• _Given entries_:

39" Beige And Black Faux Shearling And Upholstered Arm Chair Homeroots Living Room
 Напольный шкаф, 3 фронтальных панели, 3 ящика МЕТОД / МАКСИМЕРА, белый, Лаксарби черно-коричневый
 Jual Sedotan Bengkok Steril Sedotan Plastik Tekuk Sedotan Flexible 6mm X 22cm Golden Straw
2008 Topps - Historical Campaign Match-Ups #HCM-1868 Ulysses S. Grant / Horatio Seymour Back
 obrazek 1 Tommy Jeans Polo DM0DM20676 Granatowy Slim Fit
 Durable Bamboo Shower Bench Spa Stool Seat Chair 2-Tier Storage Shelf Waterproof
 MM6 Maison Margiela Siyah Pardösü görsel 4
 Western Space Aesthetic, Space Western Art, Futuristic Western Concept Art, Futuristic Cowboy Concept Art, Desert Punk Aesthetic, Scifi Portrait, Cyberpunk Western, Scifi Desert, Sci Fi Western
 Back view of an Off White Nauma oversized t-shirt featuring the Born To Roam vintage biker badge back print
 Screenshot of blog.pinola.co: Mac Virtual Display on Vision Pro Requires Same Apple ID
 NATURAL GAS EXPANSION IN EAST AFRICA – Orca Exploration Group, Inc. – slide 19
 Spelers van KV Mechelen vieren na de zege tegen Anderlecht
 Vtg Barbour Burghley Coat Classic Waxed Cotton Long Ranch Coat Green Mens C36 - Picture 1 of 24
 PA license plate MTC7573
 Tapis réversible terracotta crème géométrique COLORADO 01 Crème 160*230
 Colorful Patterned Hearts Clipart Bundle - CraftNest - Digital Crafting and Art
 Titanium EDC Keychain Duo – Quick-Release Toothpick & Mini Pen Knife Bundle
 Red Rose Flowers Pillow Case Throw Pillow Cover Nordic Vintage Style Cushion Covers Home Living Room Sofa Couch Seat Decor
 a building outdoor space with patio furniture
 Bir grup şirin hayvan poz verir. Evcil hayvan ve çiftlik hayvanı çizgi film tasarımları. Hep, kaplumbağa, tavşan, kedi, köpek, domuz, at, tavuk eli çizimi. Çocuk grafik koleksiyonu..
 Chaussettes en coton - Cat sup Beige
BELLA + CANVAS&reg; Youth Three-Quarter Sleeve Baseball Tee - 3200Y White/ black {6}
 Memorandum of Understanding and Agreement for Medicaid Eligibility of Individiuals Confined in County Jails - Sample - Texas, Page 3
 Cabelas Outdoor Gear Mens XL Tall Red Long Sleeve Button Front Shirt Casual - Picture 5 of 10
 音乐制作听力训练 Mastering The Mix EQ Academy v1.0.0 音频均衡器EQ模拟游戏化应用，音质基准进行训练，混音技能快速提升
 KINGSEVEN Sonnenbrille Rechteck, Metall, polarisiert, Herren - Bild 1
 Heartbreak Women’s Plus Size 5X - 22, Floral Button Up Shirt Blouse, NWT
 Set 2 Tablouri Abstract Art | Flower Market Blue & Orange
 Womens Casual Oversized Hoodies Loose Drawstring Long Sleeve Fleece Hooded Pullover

• _Prompt_: Where a line of the listing contains "Casual", count it; your answer must be only the resulting number.

• _Answer to this problem_: 2